There are many approaches to computing sample size. In public policy evaluation, for example, one is usually tented to check if there is statistical evidence on the impact of a intervention over a population of interest. This vignette is devoted to explain the issues that you commonly find when computing sample sizes.
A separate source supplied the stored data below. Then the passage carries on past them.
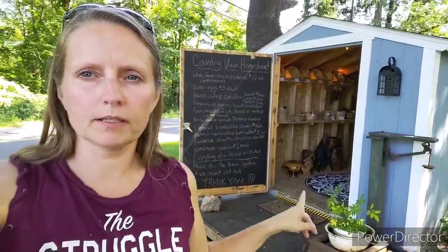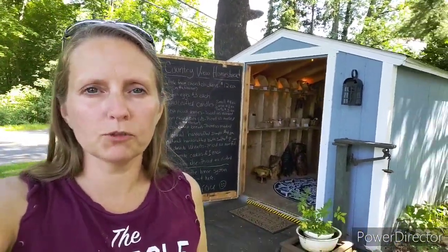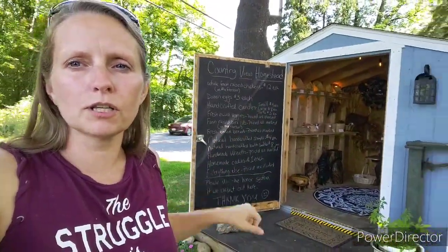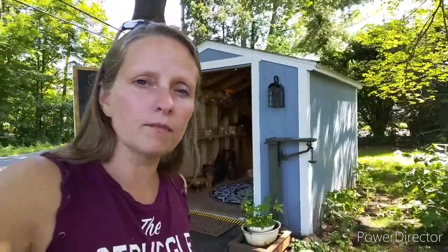Now I'm going to show you the garden. Just wanted to show you guys outside a little bit - this is it. Some people call it the little blue shed, which I think is cute. This is just a list of some of the things with prices that we have on the door.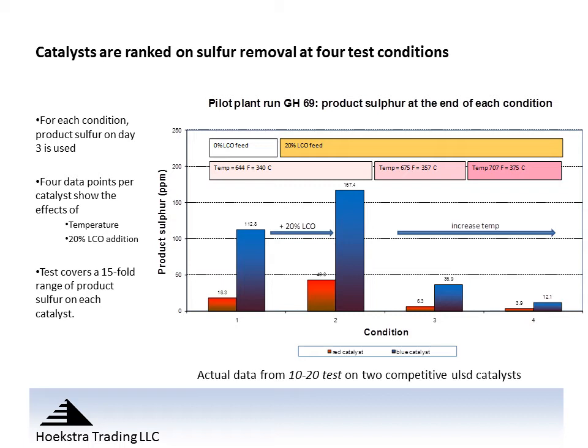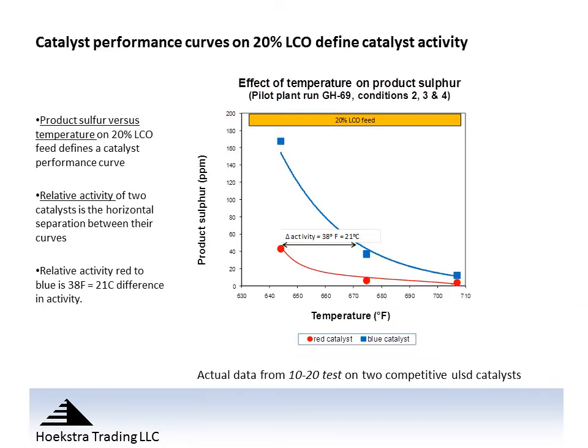Now we'll take the data just from conditions 2, 3, and 4 on the 20% light cycle oil and chart that versus the temperature of those three conditions, giving us a product sulfur versus temperature curve for the red catalyst and the blue catalyst. With this curve we can interpolate to find the temperature that corresponds to 10 ppm sulfur. For the red catalyst, 10 ppm sulfur corresponds to 674°F. For the blue catalyst, a much higher temperature of around 710°F would be required. The horizontal separation of the two curves — 38°F or 21°C — is an indication of the relative activity difference between the catalysts.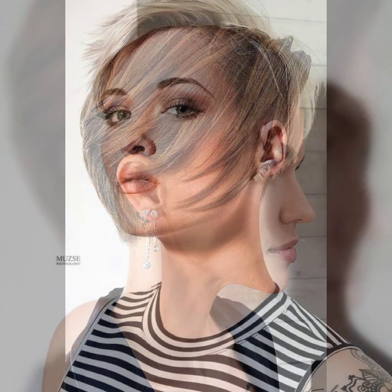Today's topic is pixie haircuts in short hair — very beautiful head style, very attractive and stylish ways of styling, and many more beautiful ideas. I hope you like it. First of all, I'll talk about pixie haircuts in short hair.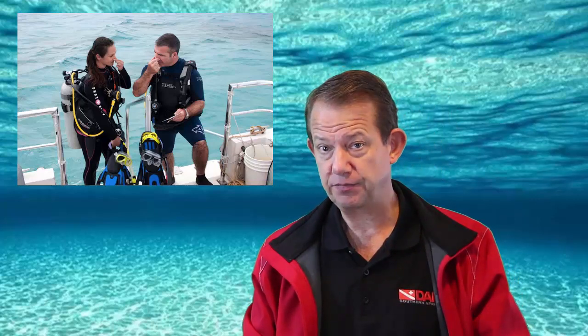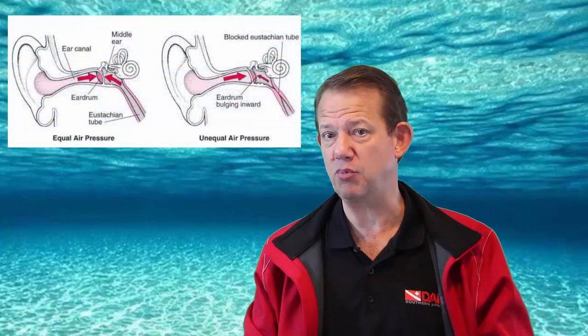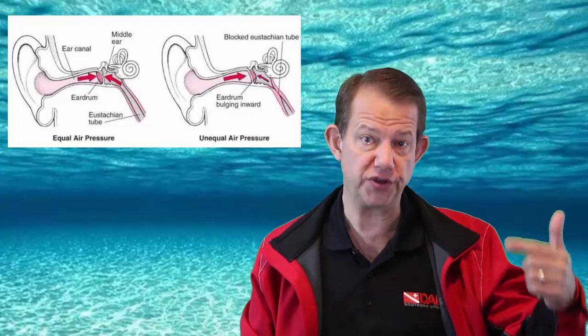In between dives, what that does is it makes sure that the middle ear does not develop this ex-vacuo, which is a fancy name for the vacuum phenomenon, which retracts the tympanic membrane, and sometimes causes divers to have problems on their second or third dive.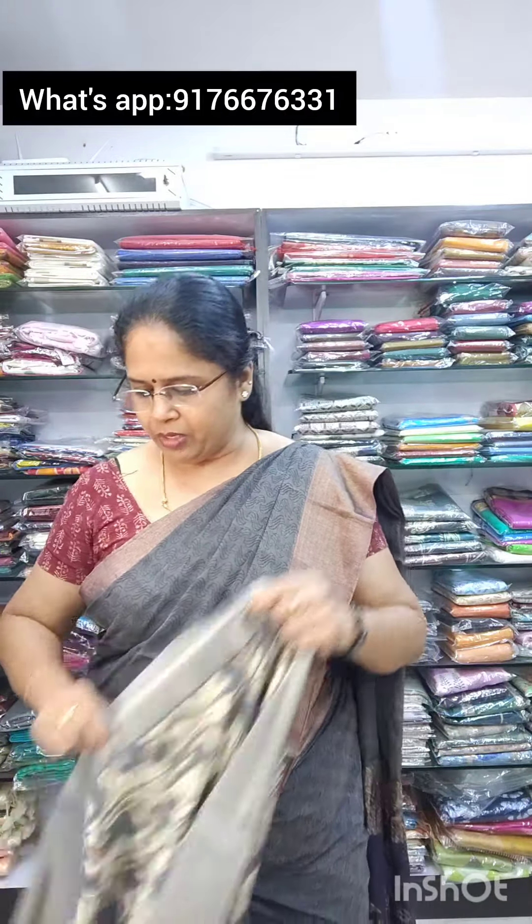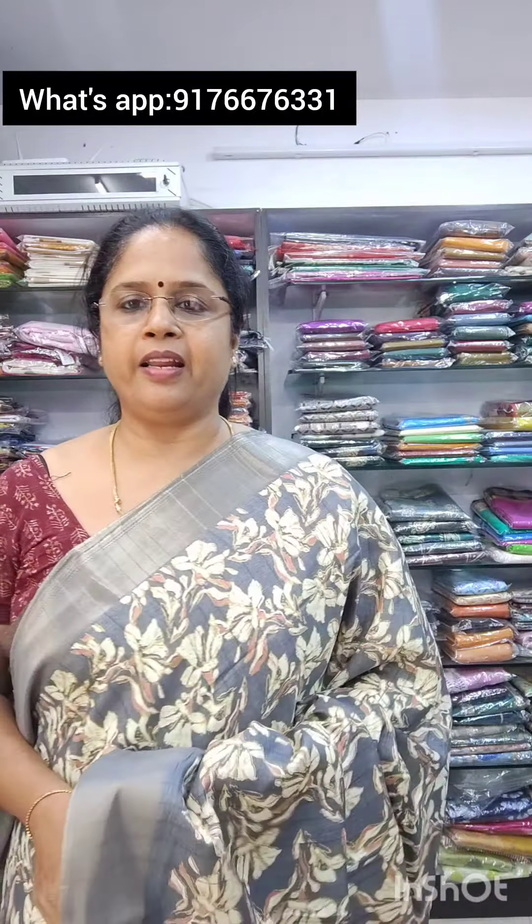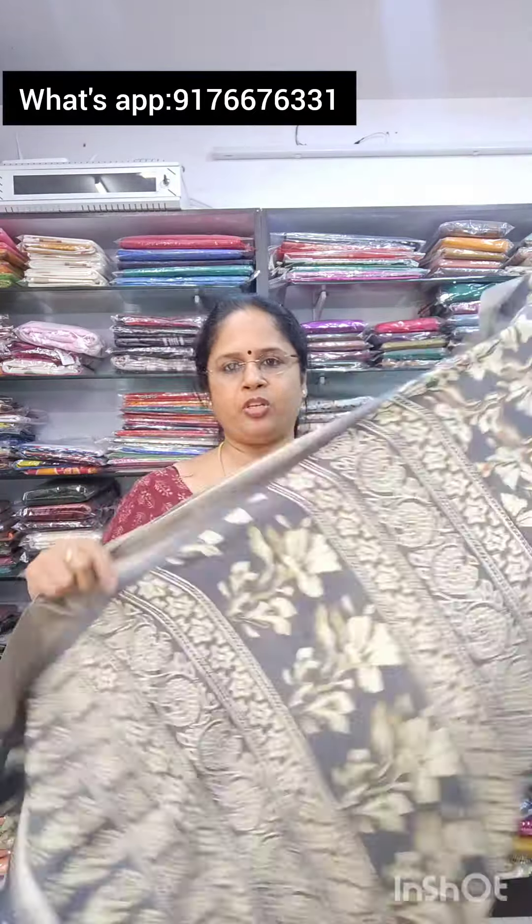Next is saree no.2. Same type, in a beautiful grey shade. It is 750 plus shipping and comes with a fringe blouse.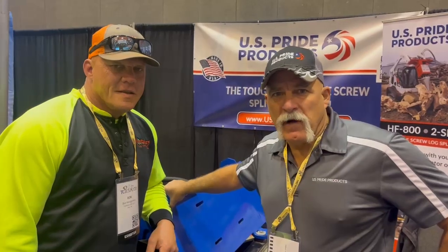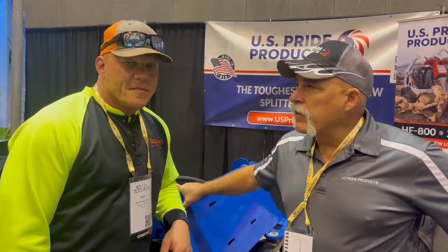Charlie here with Bob from Montgomery Tree Service in Ohio. Bob bought an 800 two-speed two years ago. What are you doing with an 800 two-speed?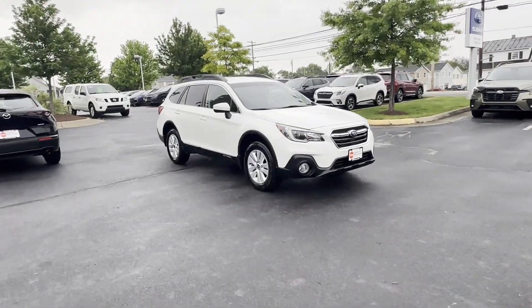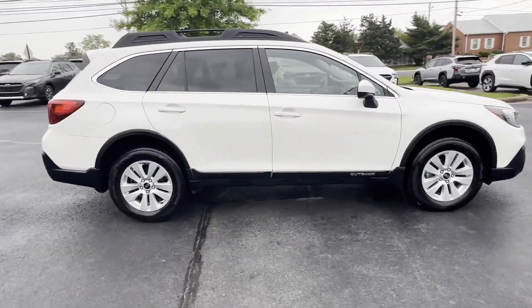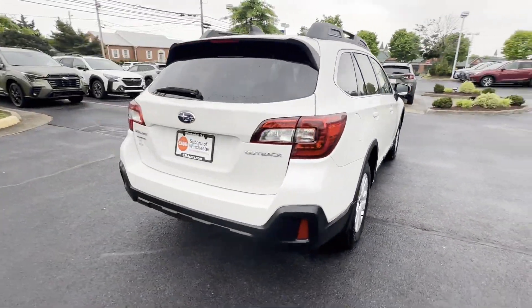2018 Subaru Outback. With less than 79,000 miles on the odometer, this SUV offers space as well as power and performance.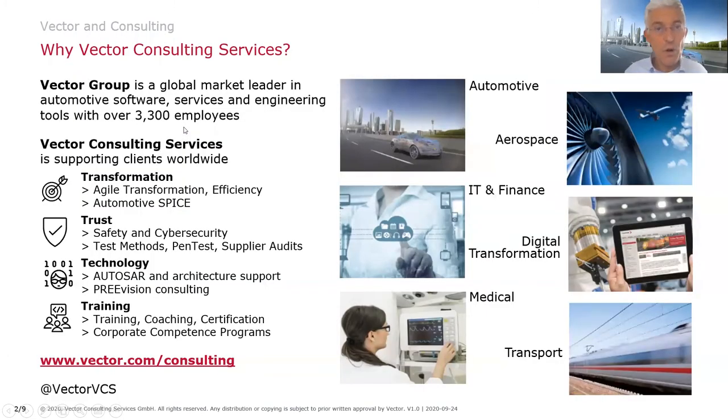Before we go ahead, a few words on Vector and Vector Consulting Services. Vector is a world-leading supplier of solutions in the automotive field, notably market leader in base software with tools like test tools. In the service domain, I'm the responsible global manager for consulting activities, where we focus on four topics: Transformation — for instance agile transformation and ASPICE; Trust — which is safety, cyber security, and related test methods; Technology — how we get innovation into companies such as AUTOSAR, new architectures, new test methods, modeling, and system of systems; and Training — coaching, certification, corporate competence programs, and webinars. More information at www.vector.com.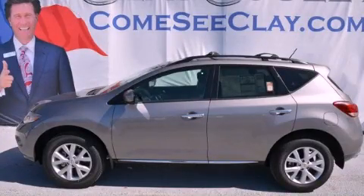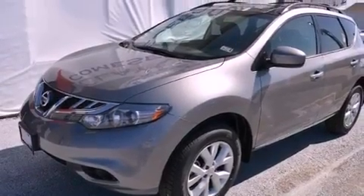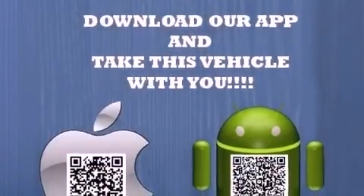This is a brand new 2012 Nissan Murano. Plenty of space for what you need. It has a 3.5-liter six-cylinder engine and an automatic transmission.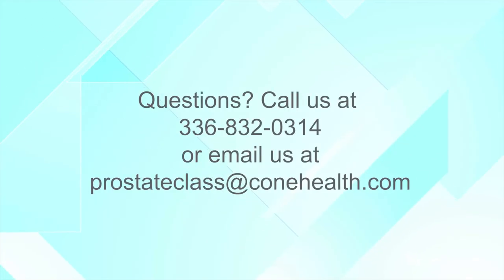We'd like to thank you for being with us today and we hope this was very educational for you. If you have any questions, you can reach us at 336-832-0314 — please note we're not here every day so it might take a couple of days to get back to you. You can also reach us at prostateclassatcolanhealth.com. Be sure to check out our next video in the series, where we'll be talking about what to expect while you're in the hospital.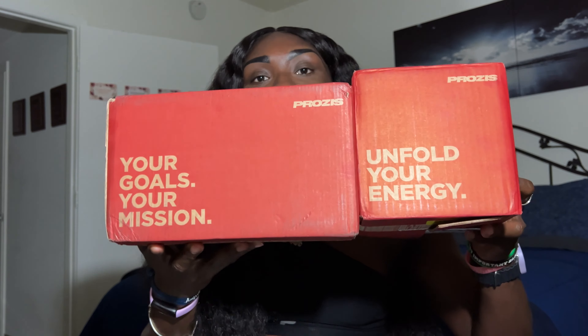They sent me these two packages. They specialize in not only healthy foods but they also have sports equipment and fitness apparel. I'll move these two packages aside — I'm actually wearing two of their pieces right now.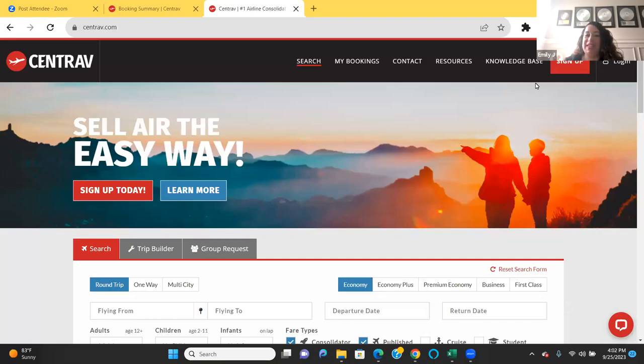Welcome to today's Centrav training. My name is Emily Jimenez and I'm going to be your host for today. Thank you so much for joining me. So what is Centrav? Centrav is an air consolidator, and with an air consolidator you can save your clients money. They have prices available that are not available to the general public, so I definitely want you to take advantage of that.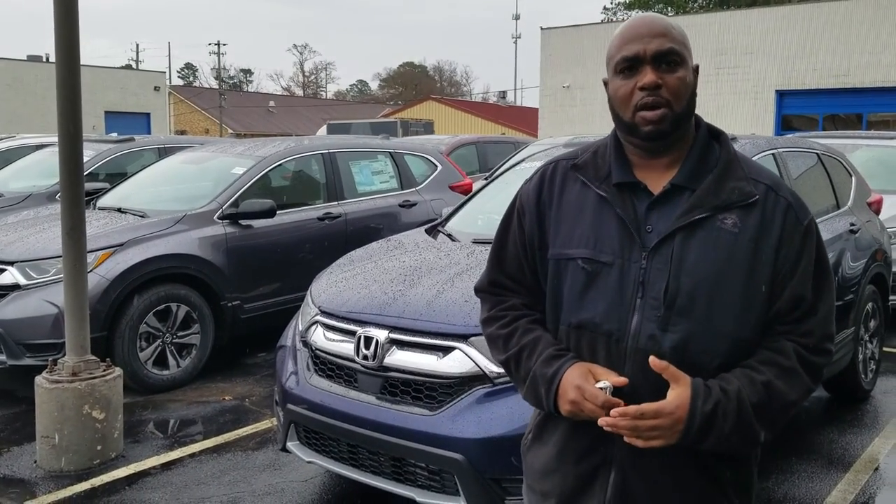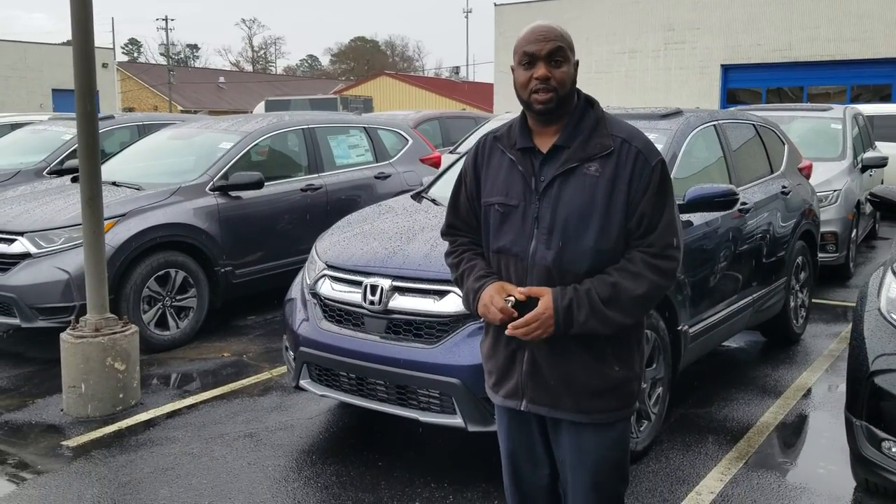Mr. Madsen, this is Jason at Tameron Honda. We spoke recently about the Honda CR-V. I do have an EXL that may fit the pricing that you need.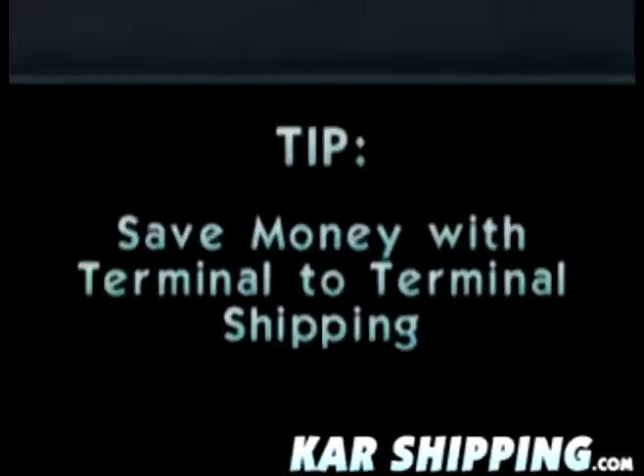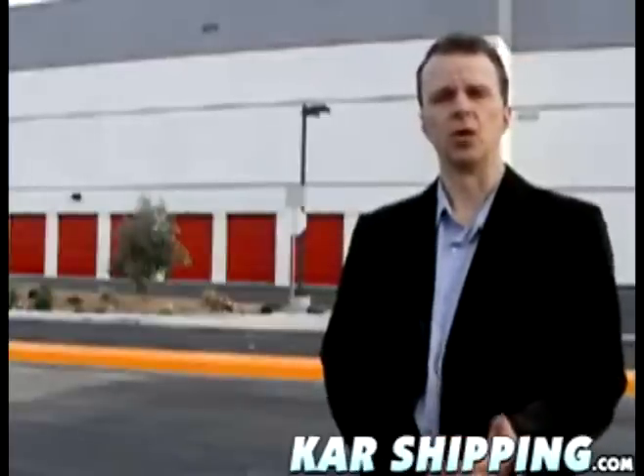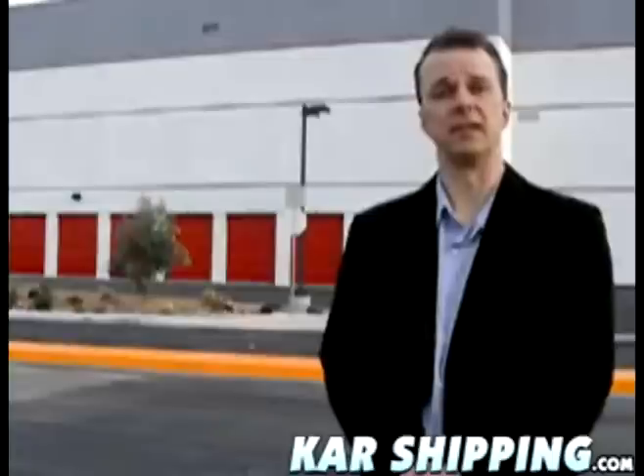Are there any ways to save money shipping my car? Well, you can take advantage of what's called terminal to terminal shipping. Some of the larger high volume companies offer this service at a discounted rate.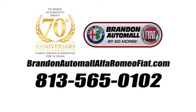Test drive it today. Call us today at 813-565-0102. For value and for service, it's Ed Morris.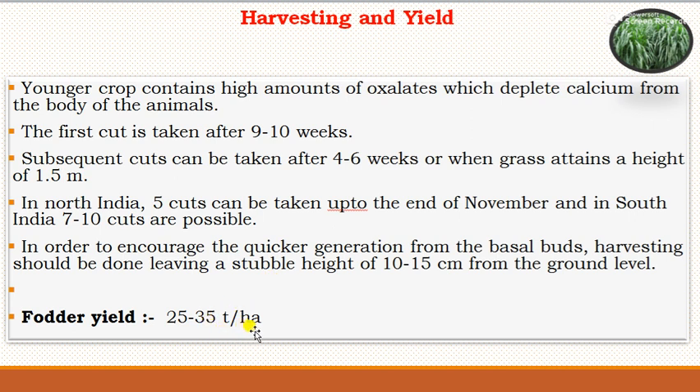This concludes today's topic regarding the crop production technology of napier grass. Thank you.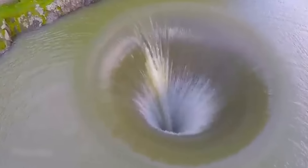Many years ago, the only way you could get a bird's-eye view of something was to be a bird. Luckily, we now live in the age of drones. Here's some of the incredible footage they managed to capture.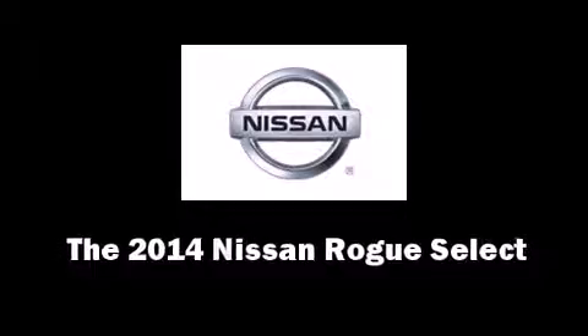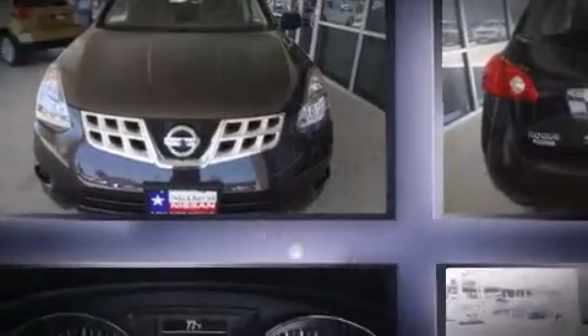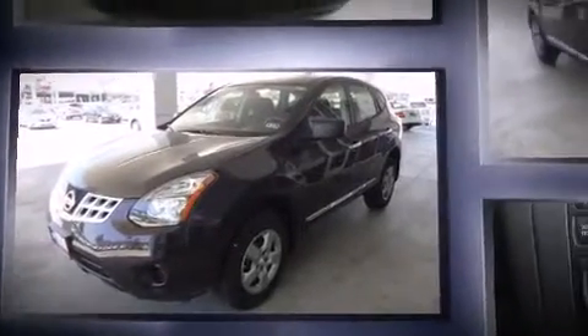Come test drive this 2014 Nissan Rogue Select. Under the hood, you'll find a four-cylinder engine with more than 170 horsepower. And for added security, Dynamic Stability Control supplements the drive train.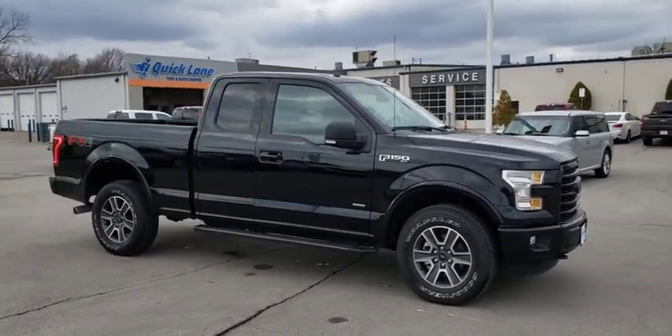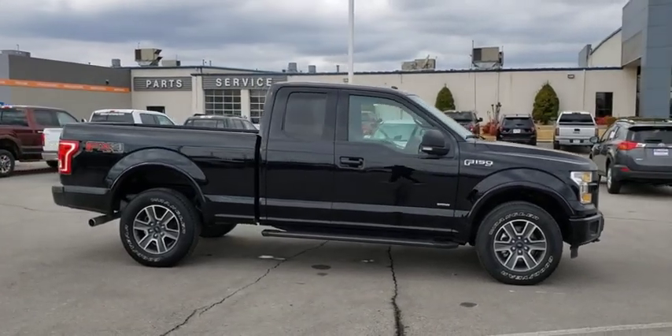This vehicle has less than 30,000 miles. Here are some of this vehicle's great options.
Note the definition of power is related to testing an hypothesis testing process. For example, if you are interested in testing if a difference of proportions is statistically significant, then your null hypothesis may look as following:
Ho : P1 − P2 = 0 vs. Ha : P1 − P2 = D > 0
Where D, known as the null effect, is any value greater than zero. You must notice that this kind of test induces the following power function, defined as the probability of rejecting the null hypothesis. Second, you note that we should estimate P1 and P2 by using unbiased sampling estimators (e.g. Horvitz-Thompson, Hansen-Hurwitz, Calibration estimators, etc.), say P̂1 and P̂2, respectively. Third, in general, in the complex sample set-up, we can define the variance of P̂1 − P̂2 as
$$Var(\hat{P}_1 - \hat{P}_2) = \frac{DEFF}{n}\left(1-\frac{n}{N}\right)(P_1Q_1+P_2Q_2)$$
Where DEFF is defined to be the design effect that collects the inflation of variance due to complex sampling design. Usually the power function is noted as βD:
$$\begin{align*} \beta_D &\leq Pr\left(\dfrac{\hat{P}_1-\hat{P}_2}{\sqrt{\frac{DEFF}{n}\left(1-\frac{n}{N}\right)(P_1Q_1+P_2Q_2)}} > Z_{1-\alpha} \left | \right. P_1 -P_2 =D \right)\\ &= 1-\Phi\left(Z_{1-\alpha} - \dfrac{D}{\sqrt{\frac{DEFF}{n}\left(1-\frac{n}{N}\right)(P_1Q_1+P_2Q_2)}} \right) \end{align*} $$
After some algebra, we find that the minimum sample size to detect a null effect D, is
$$\begin{align} n \geq \dfrac{DEFF(P_1Q_1+P_2Q_2)}{\dfrac{D^2}{(Z_{1-\alpha}+Z_{\beta_D})^2}+\dfrac{DEFF(P_1Q_1+P_2Q_2)}{N}} \end{align}$$
###Some comments
##The ss4dpH
function
The ss4dpH
function may be used to plot a graphic that
gives an idea of how the definition of D affects the sample size. For
example, suppose that we draw a sample according to a complex design,
such that DEFF = 2,
for a finite population of N = 1000 units. This way, if we
define the null effect to be D = 3%, then we should have to draw
a sample of size n> 873 for
the probability of rejecting the null hypothesis to be 80% (default of
the power), with a confidence of 95% (default of the confidence). Notice
that as null effect increases, sample size decreases.
## [1] 873
##The b4dp
function
The b4dp
function may be used to plot a figure that
gives an idea of how the definition of the sample size n affects the power of the test. For
example, suppose that we draw a sample according to a complex design,
such that DEFF = 2,
for a finite population of N = 1000 units, a sample size of
n> 873, a null effect of
D = 3% and a confidence of
95%, then power of the test is β= 80.0228278%. Notice that as the
sample size decreases, power also decreases.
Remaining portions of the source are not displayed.